## Records for this exercise
+-------+

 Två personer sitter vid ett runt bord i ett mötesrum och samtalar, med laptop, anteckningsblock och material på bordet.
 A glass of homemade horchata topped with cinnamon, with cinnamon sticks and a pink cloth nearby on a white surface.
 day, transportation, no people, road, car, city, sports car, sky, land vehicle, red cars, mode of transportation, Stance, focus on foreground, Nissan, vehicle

+-------+

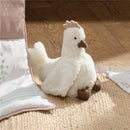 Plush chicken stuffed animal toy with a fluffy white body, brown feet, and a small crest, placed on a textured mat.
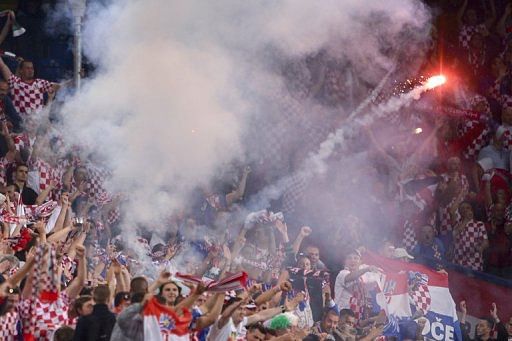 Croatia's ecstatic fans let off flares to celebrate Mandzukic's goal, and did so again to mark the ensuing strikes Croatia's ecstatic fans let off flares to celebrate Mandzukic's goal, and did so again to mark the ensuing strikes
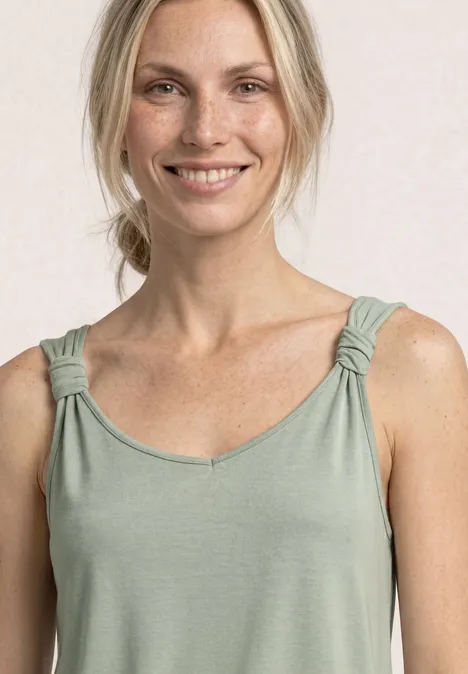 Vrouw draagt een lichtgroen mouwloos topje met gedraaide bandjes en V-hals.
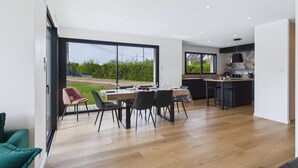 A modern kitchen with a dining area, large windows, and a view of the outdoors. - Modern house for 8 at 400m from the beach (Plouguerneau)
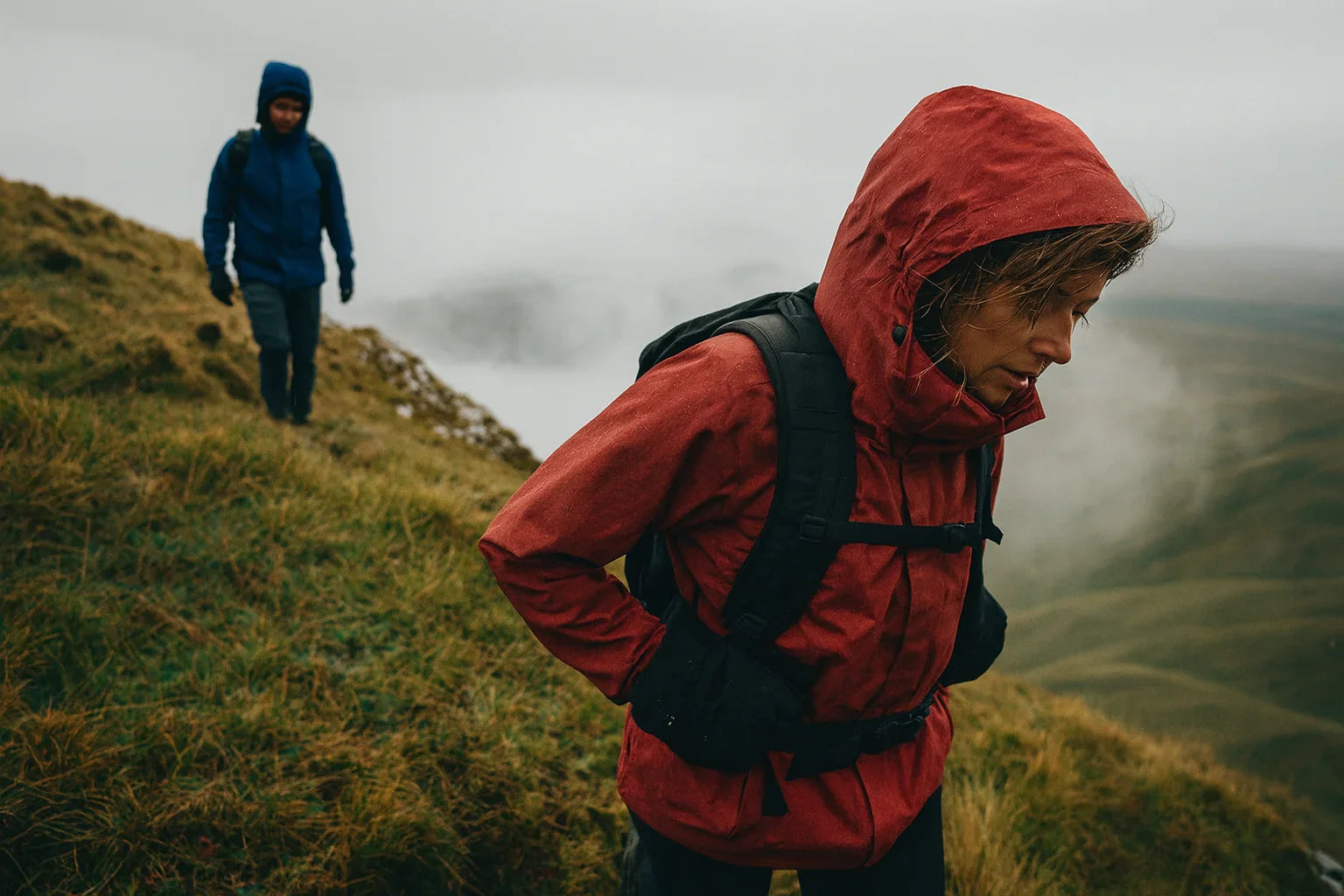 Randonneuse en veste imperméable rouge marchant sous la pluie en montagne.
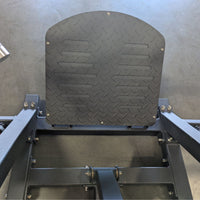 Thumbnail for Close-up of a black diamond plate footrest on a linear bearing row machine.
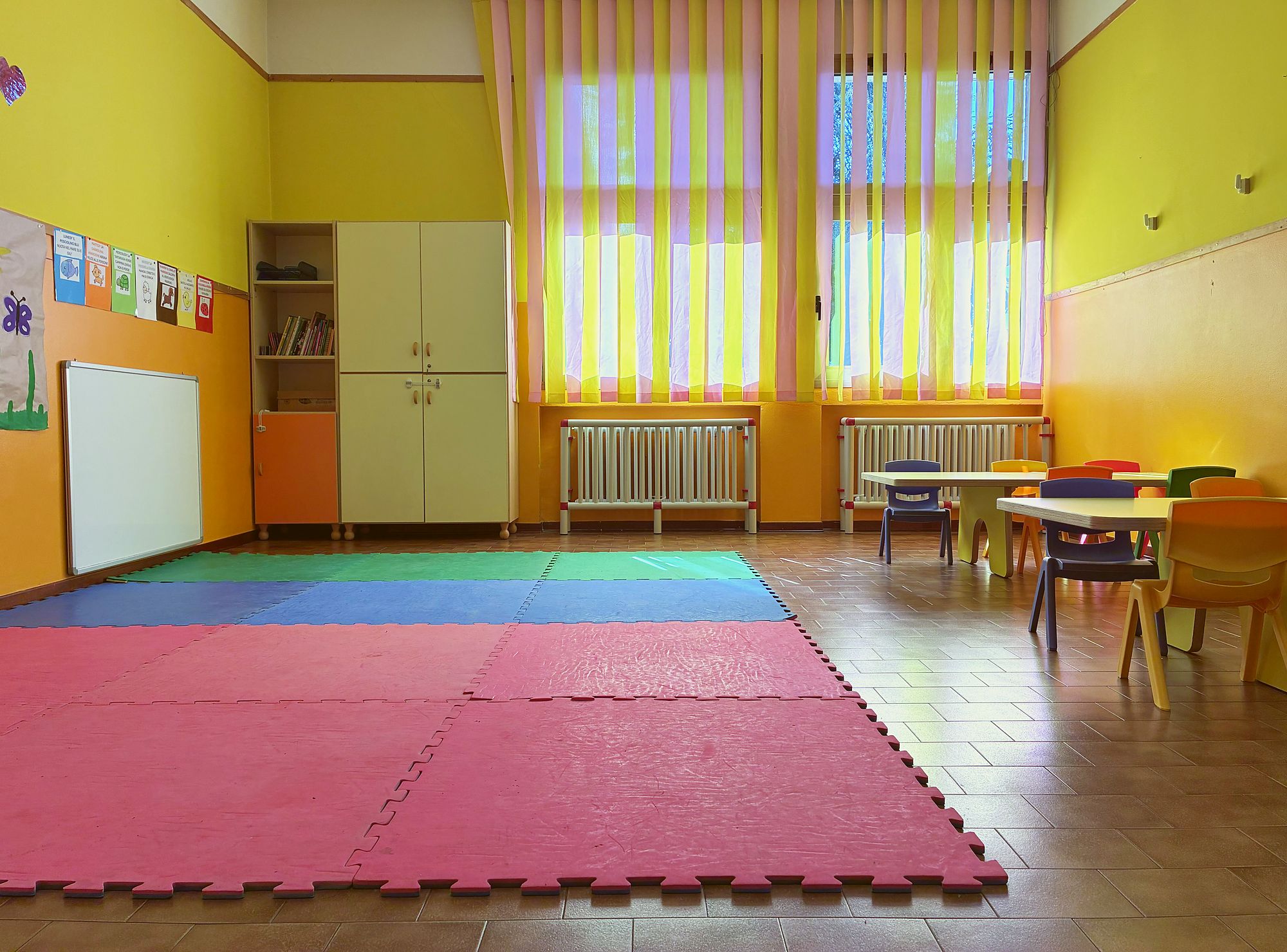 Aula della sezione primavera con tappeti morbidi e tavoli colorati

+-------+

## Action item
Leave out every line above except those from the line with "Två personer sitter" up to and including the line with "day, transportation, no", and copy those exactly.

## Exercise output
 Två personer sitter vid ett runt bord i ett mötesrum och samtalar, med laptop, anteckningsblock och material på bordet.
 A glass of homemade horchata topped with cinnamon, with cinnamon sticks and a pink cloth nearby on a white surface.
 day, transportation, no people, road, car, city, sports car, sky, land vehicle, red cars, mode of transportation, Stance, focus on foreground, Nissan, vehicle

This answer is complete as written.